Dopiero teraz Chiny ujawniły, że 27 kwietnia rozbił się wskutek awarii elektronicznego systemu sterowania myśliwiec J-15, który ma służyć na lotniskowcach. Może to poważnie opóźnić zarówno budowę tych myśliwców, jak też całego chińskiego programu budowy lotniskowców.
„Czołowy pilot J-15 zginął po utracie panowania nad myśliwcem w czasie symulowanego lądowania pokładowego, które ćwiczono na jednym z lotnisk kontynentalnych „, podało radio państwowe.
„Pilot Zhang Chao robił co mógł, by ocalić samolot. Gdy jego wysiłki nie przyniosły skutku, katapultował się, lecz zginął od obrażeń odniesionych w czasie lądowania”, podano. J-15 to pierwszy myśliwiec pokładowy, który ma służyć na lotniskowcu Liaoning oraz na kolejnych, budowanych lotniskowcach.

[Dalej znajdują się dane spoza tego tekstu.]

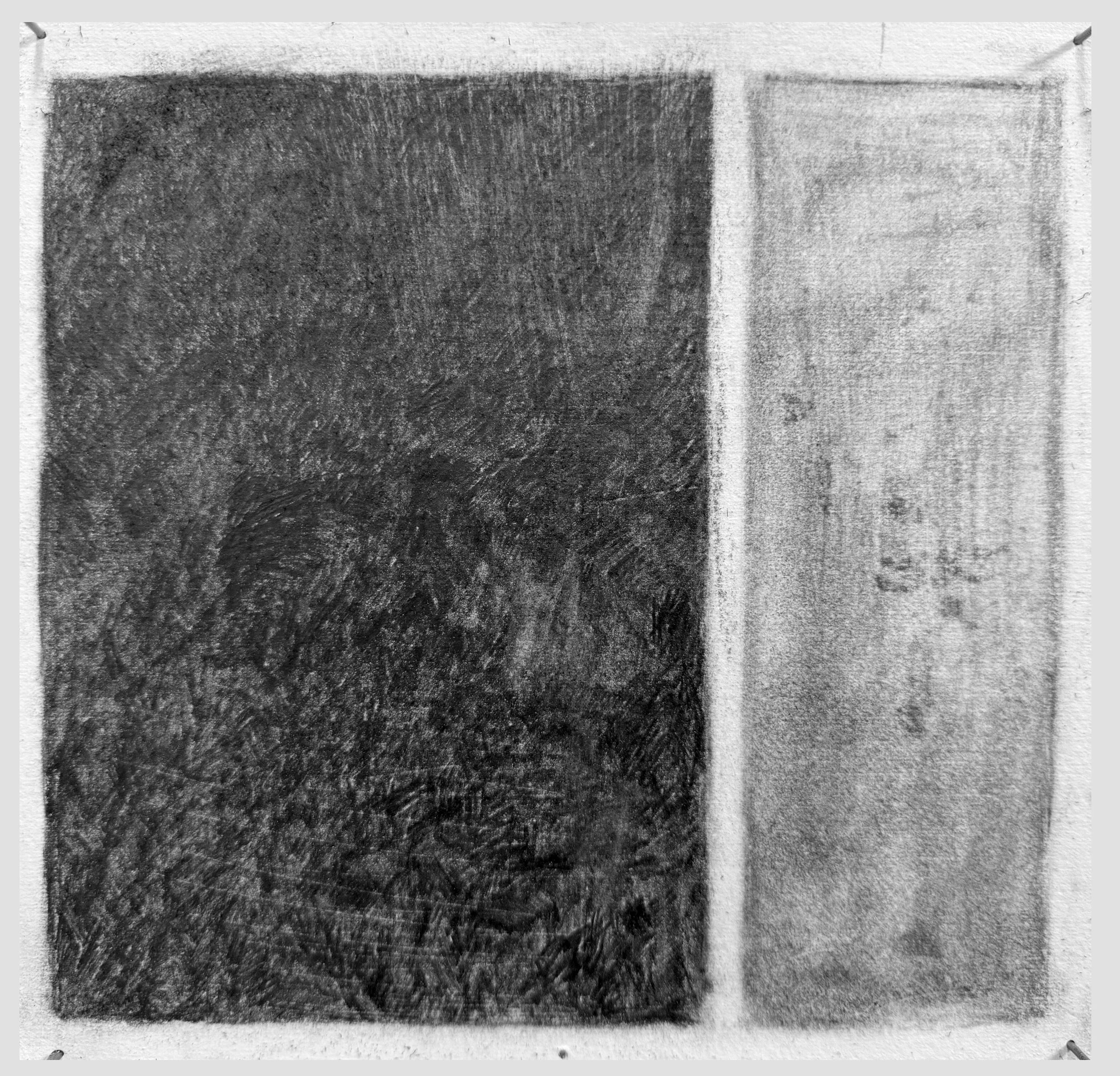 Drawing # 31, 2026 16 x 18cm. Graphite on paper.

Kanadyjskie czasopismo wojskowe „Kanwa Defence Review” już w styczniu informowało, że program budowy J-15 jest poważnie opóźniony wobec oczekiwań marynarki. Koncern konstruujący myśliwce, Shenyang Aircraft Corporation, zdołał dostarczyć ich w latach 2012-2015 nie więcej niż 10.
Nie oznacza to, że Chiny zrezygnują z programu budowy własnego myśliwca pokładowego. Lotniskowiec Liaoning wszedł na służbę w 2012 r. Ma służyć głównie celom szkoleniowym i doświadczalnym. Został odkupiony od Ukrainy jako nieukończony radziecki Wariag. Na jego pokładzie mieści się 36- 50 samolotów i śmigłowców.
Chiny mają świadomość, że bycie supermocarstwem oznacza posiadanie floty lotniskowców. Są w trakcie budowy co najmniej dwóch. Pierwszy ma być gotowy do 2020 r. Potem mają powstać jeszcze 2 dalsze.